THE TASK:
Only the lines from the one that contains "غزة تشيد بالموقف" through the final line of the entries should be repeated, exactly as written.
=== Begin Enclosure ===
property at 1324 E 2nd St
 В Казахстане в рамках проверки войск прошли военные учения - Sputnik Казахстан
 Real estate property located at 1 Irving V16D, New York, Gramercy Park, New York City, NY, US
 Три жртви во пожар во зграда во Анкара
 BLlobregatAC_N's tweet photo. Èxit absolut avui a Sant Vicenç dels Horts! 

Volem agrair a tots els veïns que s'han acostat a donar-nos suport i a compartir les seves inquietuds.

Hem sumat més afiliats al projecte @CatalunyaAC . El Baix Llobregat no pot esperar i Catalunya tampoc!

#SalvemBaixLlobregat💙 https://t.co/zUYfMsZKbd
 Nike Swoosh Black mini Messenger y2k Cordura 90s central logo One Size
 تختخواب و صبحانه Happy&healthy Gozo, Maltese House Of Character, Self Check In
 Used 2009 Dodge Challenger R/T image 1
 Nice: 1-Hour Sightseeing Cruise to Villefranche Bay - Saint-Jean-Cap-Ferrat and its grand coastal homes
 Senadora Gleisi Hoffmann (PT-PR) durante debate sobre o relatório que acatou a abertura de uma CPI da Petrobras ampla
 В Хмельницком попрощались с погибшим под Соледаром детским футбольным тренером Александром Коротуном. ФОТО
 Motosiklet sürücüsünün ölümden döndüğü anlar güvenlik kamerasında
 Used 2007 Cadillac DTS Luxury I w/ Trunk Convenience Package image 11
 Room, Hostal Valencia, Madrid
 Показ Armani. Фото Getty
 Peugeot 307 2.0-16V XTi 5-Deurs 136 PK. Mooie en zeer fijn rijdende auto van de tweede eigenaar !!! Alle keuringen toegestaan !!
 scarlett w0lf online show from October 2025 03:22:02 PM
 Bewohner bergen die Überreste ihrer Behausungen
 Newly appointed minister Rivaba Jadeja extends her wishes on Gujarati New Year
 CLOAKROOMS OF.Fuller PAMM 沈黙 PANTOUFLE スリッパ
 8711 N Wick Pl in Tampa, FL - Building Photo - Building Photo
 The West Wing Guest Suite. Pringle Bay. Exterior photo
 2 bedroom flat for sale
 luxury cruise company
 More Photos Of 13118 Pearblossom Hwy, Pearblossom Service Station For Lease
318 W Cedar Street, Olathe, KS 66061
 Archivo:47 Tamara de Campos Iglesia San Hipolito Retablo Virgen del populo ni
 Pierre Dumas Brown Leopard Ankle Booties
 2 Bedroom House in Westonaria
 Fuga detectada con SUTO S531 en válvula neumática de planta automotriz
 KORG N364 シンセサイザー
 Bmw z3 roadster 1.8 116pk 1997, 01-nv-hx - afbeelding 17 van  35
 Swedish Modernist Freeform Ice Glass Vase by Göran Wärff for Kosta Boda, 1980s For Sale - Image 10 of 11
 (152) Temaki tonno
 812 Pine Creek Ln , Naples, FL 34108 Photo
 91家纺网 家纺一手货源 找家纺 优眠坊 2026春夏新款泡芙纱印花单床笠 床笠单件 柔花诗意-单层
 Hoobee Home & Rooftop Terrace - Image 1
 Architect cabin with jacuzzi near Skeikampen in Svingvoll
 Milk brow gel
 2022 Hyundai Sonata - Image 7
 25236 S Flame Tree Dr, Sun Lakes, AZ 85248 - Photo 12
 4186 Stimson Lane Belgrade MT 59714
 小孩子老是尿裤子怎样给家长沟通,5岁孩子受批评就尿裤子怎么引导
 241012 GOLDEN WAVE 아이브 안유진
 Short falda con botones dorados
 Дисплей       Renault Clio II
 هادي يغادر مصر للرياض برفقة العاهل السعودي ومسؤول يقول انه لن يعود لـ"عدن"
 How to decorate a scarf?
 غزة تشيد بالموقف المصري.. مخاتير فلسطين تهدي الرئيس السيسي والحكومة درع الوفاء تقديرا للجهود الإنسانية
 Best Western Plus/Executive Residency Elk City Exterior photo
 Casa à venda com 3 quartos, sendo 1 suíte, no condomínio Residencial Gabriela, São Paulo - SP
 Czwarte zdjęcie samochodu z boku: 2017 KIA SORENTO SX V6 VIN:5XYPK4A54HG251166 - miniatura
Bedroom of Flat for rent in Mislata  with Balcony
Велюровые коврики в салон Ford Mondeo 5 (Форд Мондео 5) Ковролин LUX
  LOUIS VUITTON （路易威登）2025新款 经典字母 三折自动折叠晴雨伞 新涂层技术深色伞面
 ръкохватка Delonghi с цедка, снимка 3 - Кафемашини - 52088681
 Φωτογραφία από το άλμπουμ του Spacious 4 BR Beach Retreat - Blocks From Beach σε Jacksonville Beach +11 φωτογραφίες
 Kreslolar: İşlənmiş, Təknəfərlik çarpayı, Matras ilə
=== End Enclosure ===
TASK SOLUTION:
 غزة تشيد بالموقف المصري.. مخاتير فلسطين تهدي الرئيس السيسي والحكومة درع الوفاء تقديرا للجهود الإنسانية
 Best Western Plus/Executive Residency Elk City Exterior photo
 Casa à venda com 3 quartos, sendo 1 suíte, no condomínio Residencial Gabriela, São Paulo - SP
 Czwarte zdjęcie samochodu z boku: 2017 KIA SORENTO SX V6 VIN:5XYPK4A54HG251166 - miniatura
Bedroom of Flat for rent in Mislata  with Balcony
Велюровые коврики в салон Ford Mondeo 5 (Форд Мондео 5) Ковролин LUX
  LOUIS VUITTON （路易威登）2025新款 经典字母 三折自动折叠晴雨伞 新涂层技术深色伞面
 ръкохватка Delonghi с цедка, снимка 3 - Кафемашини - 52088681
 Φωτογραφία από το άλμπουμ του Spacious 4 BR Beach Retreat - Blocks From Beach σε Jacksonville Beach +11 φωτογραφίες
 Kreslolar: İşlənmiş, Təknəfərlik çarpayı, Matras ilə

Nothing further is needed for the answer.